So here is where the theist and even deist anxiously jump in. “But you clearly have not disproved God,” they say, happily and proudly stating the obvious. No, of course I haven’t. I have only shown his/her/its existence to be improbable and superfluous.
Disproving God, on the other hand - is what I am about to do.

The main two aspects of the theistic God are that he has a mind, and was himself not created, as he is the beginning of all things. That is, he is both sentient and the alpha. But a sentient being cannot
be the alpha! All sentient beings have a first thought, a first feeling, a first perception. God would have had to of had a first thought, feeling, perception. There cannot be an infinite regress of these things. There cannot be an infinite regress of a stream of consciousness. It is a logical absurdity. Awareness and thinking begin for all sentient beings at a point in time. God, like all sentient beings, would have had to have come into existence. He would have had to have evolved into existence, as all new species do, or he would have had to have been created by a being greater than he, which means he wouldn’t be God – in the first place. Therefore, though it is possible for a supreme being to exist, it is quite impossible – for God to. And let no one tell you that God cannot be disproved, or that he exists outside of time, ever again, especially since thinking (or simply awareness), something God does partake in supposedly, occurs in time, and we have now seen the consequences of that, as there cannot be an infinite regress of thoughts, or awareness in general. Sorry, theists.

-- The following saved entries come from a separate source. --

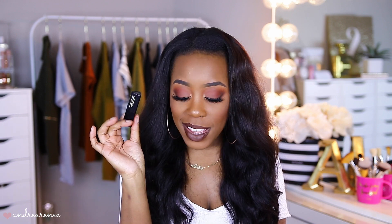For mascara, I'm using the Hourglass Caution Mascara. I didn't purchase this — it was free — but I've really been loving it. It separates my lashes and makes them look longer. It's such a good mascara that I'll probably purchase it once this one runs out.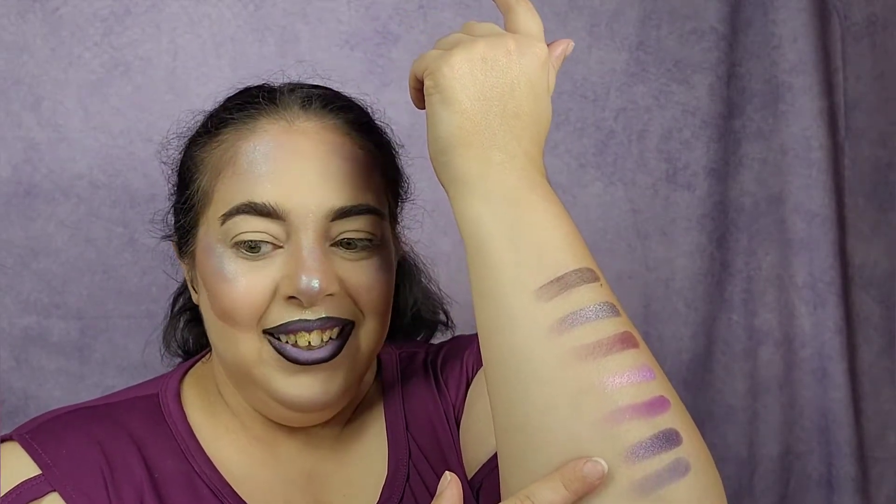Final row: we have Nanometer, Futuristic — which is like a gray-purple duochrome, it is so pretty — I am blown away by some of these shimmers. I want them all on my body at once. Then Dark Matter, UVA, Ultraviolet, and Electromagnet.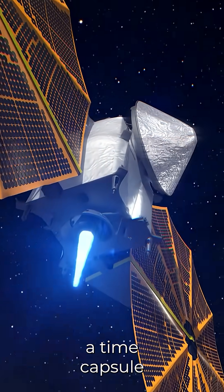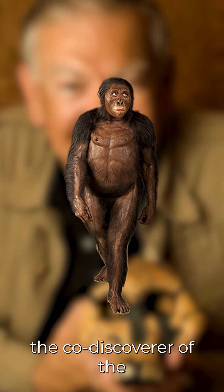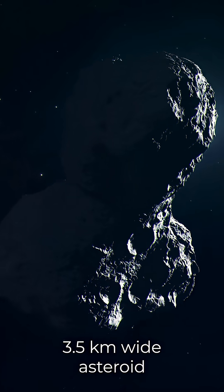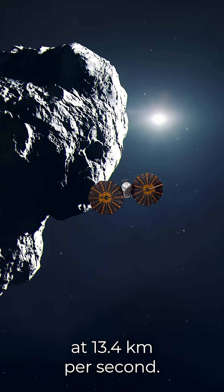NASA just flew past a time capsule from the early solar system. Meet 52246 Donald Johansson, named after American paleoanthropologist Donald Johansson, the co-discoverer of the famous Lucy fossil. It's an 8 km long and 3.5 km wide asteroid that NASA's Lucy spacecraft zoomed past at 13.4 km per second.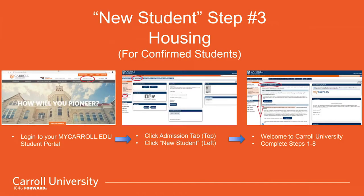First, congratulations on becoming a pioneer. Let me fill you in on housing or step number three for confirmed new students, which is located on your MyCarrollU student portal.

Of course, we would be shamefully naïve if we thought it ended here. For they could just wave their pious hands at all this, as they are so good at doing, and say 1. God is all-knowing and therefore does not need to think, and 2. if it is plausible for there to be an infinite regress of time, then it is plausible for there to be an infinite regress of thoughts, and if time did not need a beginning, then neither would a sentient being necessarily have to (in this case, God). But of course this is just more nonsense:

1. Someone can know all there is to know about a subject and still have to think about it, and not merely to remember or analyze it either. Look: 2 + 2 = 4. You already knew that two plus two equaled four, yet seeing that made you think about it. Why? Because you're a sentient being and are therefore aware of the world going on around you. Well, God, if he existed, would be aware of the entire UNIVERSE that he decided to create. Thoughts are thoughts, and neither thinking nor awareness are not negated by omniscience. In fact, thinking and awareness are a prerequisite for omniscience. After all, how could our beloved supreme being in question know, if he could not even think? And if he wasn't aware of anything, how could he know anything? It makes no sense. His sentience is perpetual, as it is for all sentient beings until they die. And there simply cannot be an infinite regress of sentience. Again, it's a logical absurdity.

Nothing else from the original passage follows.